Running a load test on a production system can affect the real end users interacting with the application because the infrastructure, (from the servers to the network), will be more utilised than usual.

Therefore, we recommend running production load tests when real user activity is very low. Running the load test at a quieter time will ensure that fewer users are affected by any slow response.

However, note that good monitoring should be in place so the test load can be reduced if a slowdown is detected, (see point 3).

Load test timing

2.    Workload Model

The user behaviour in production has to be captured so that the test design and throughput can be as realistic as possible for the load test.  The transaction rates in production can be easily obtained by looking at various data sources such as application logs, or transaction analytics.

This data will help in understanding the parts of the application that are more heavily utilised and therefore need to have more load sent to them.  If testing for peaks, then the peak throughput should be targeted in the test and any business growth factor should be included in the model forecast.

3.    Monitoring

Monitoring is one of the most important tasks for a production load test, as all the data being monitored is useful both during and after the test.  It is advisable to capture as many metrics as possible, as they could come in handy when investigating issues.  Some of the key areas to monitor are:

  • End user experience – response time & application errors
  • Infrastructure – server utilisation & network utilisation
  • Application – system threads & memory consumption

It is critical to keep an eye on the monitoring during the test in case the application under test has problems, and requires the test to be stopped. Consider this chart:

Load test response times

It is easy to see response times rising with each stage of the test, but they are kept safely below the level where users will notice the degradation.

The monitoring requirements should be decided well in advance of the production load test, as it is costly to run one.

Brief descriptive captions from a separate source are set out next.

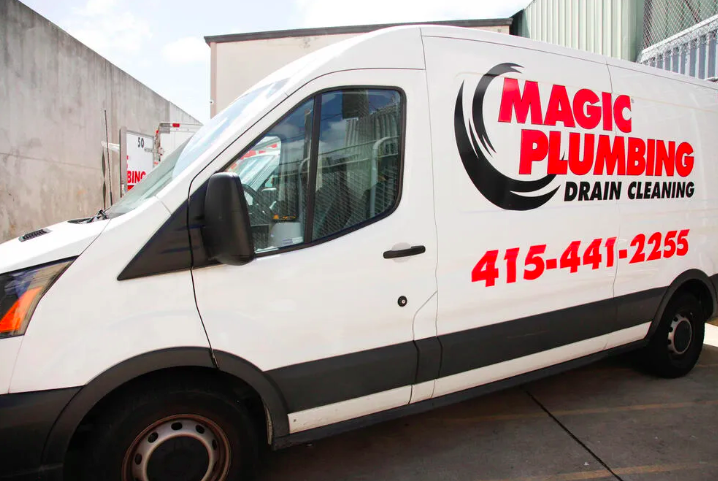 Magic Plumbing Heating & Cooling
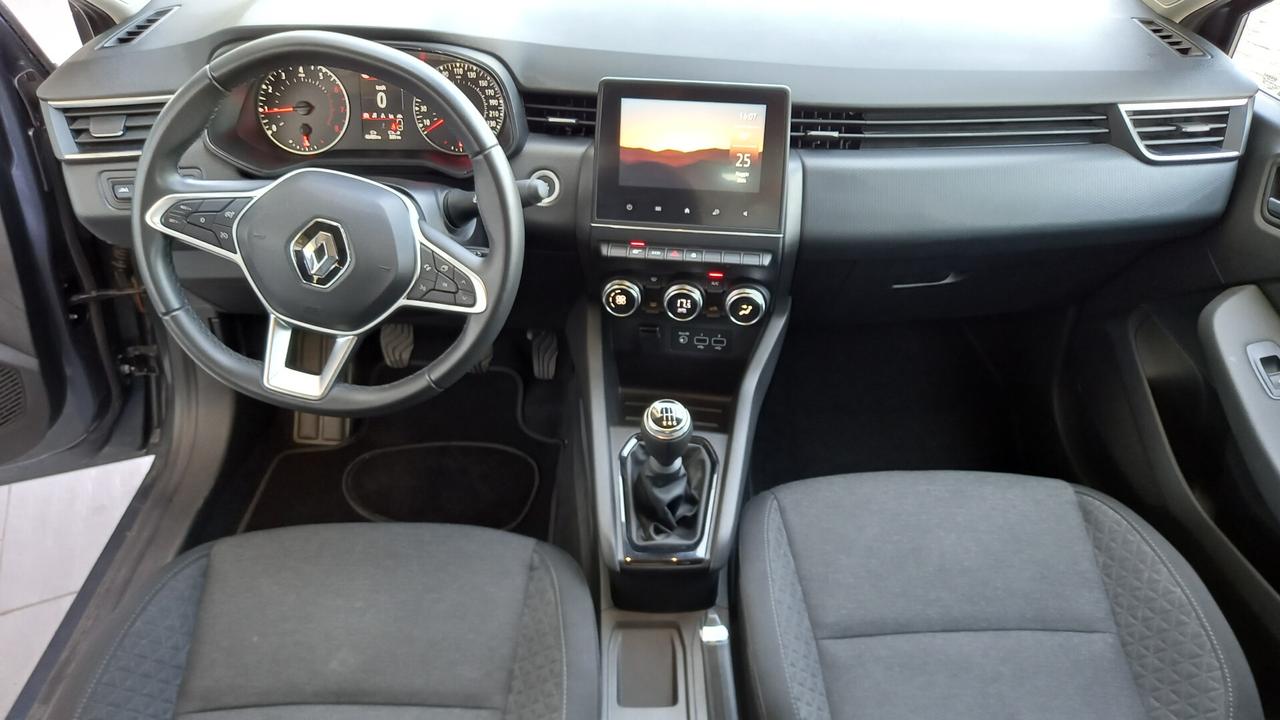 Renault Clio TCe 90 CV 5 porte Business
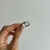 Anillo CLAVO plateado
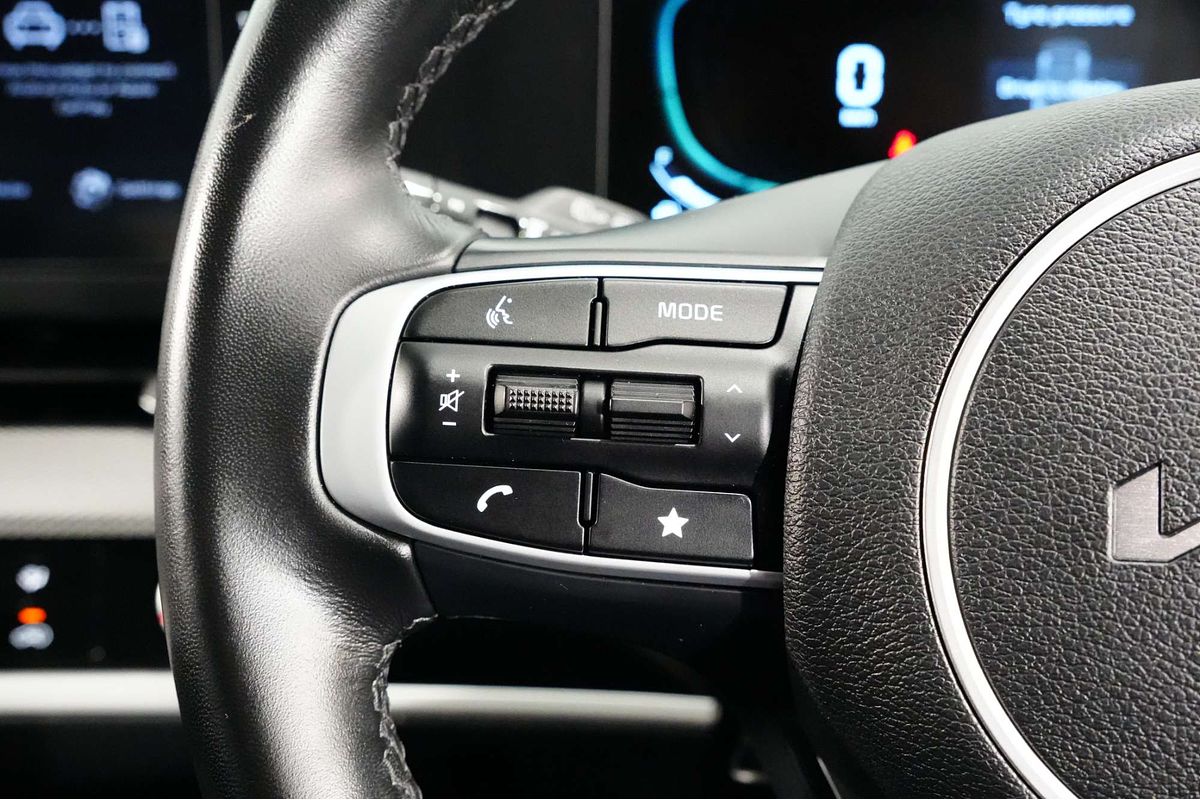 2022 Kia Sportage S NQ5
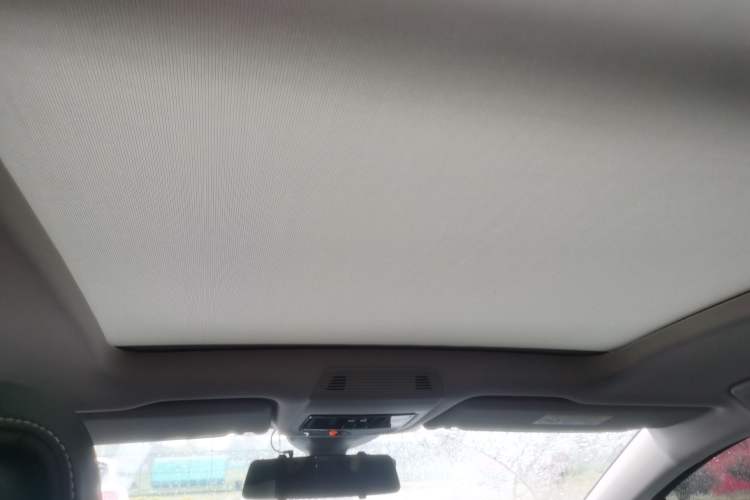 Used Volkswagen Talagon 2025 380TSI All-Wheel-Drive Luxury Jiajing Pro – Shared Edition 6 Seats Headliner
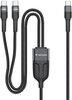Verbatim Sync & Charge USB-C to 2x USB-C 100W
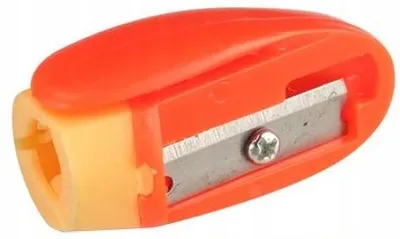 Produktbild von Titanum Einzelradierer Kunststoff 32x18x15 mm ergonomisch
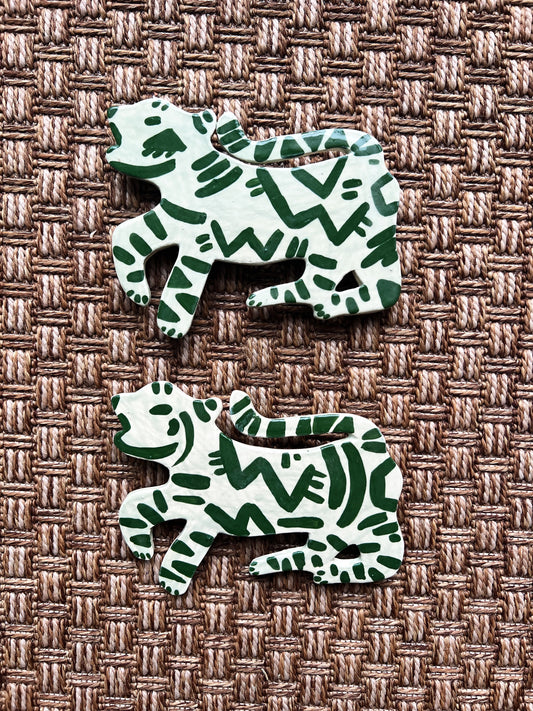 Green Tigers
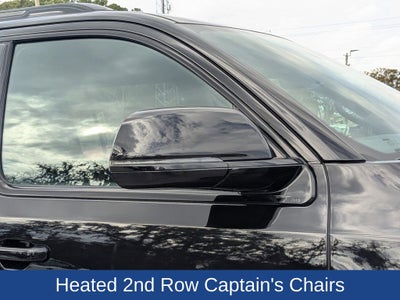 2023 Jeep Wagoneer Series II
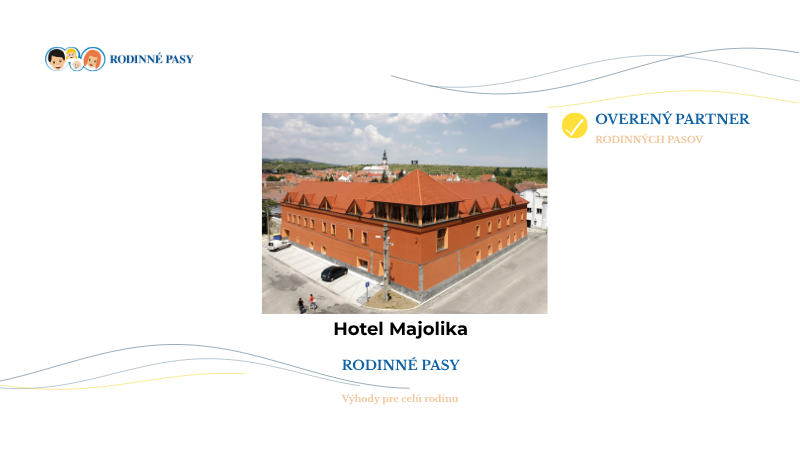 Hotel Majolika ****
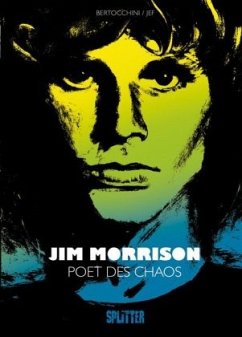 Jim Morrison - Bertocchini, Frédéric;Jef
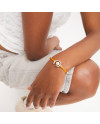 Bracciale UNOde50  PUL2505NRJMTL0M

If any data is missing then it might not be straightforward to run another test and recreate similar issues.

4.    Load Distribution

Applications that have large user traffic, (e.g. several thousand concurrent users during busy periods), will require similar or more test users during the production load test.  In order to run these high volume load tests you will need to have several load injectors running at the same time.

If a CDN, (Content Delivery Network), is being tested as well then it is a good idea to distribute the load injectors in different regions, this will ensure that the test does not overload the edge servers.

It is also beneficial to distribute the test scripts on the load injectors evenly. This will prevent any particular load injector to be constrained by any of the computing resources due to high script activity.

5.    Maintenance Jobs

Production load tests tend to happen during quieter times, which is also a time when many organisations run their housekeeping tasks. For example, application restarts, database indexing, and so on.  This has to be taken into consideration when running the tests, as housekeeping jobs will most definitely have an impact on the capacity and performance of the system.

It is best if these maintenance tasks can be suspended during the window when the test is running and enabled again once all the testing is complete.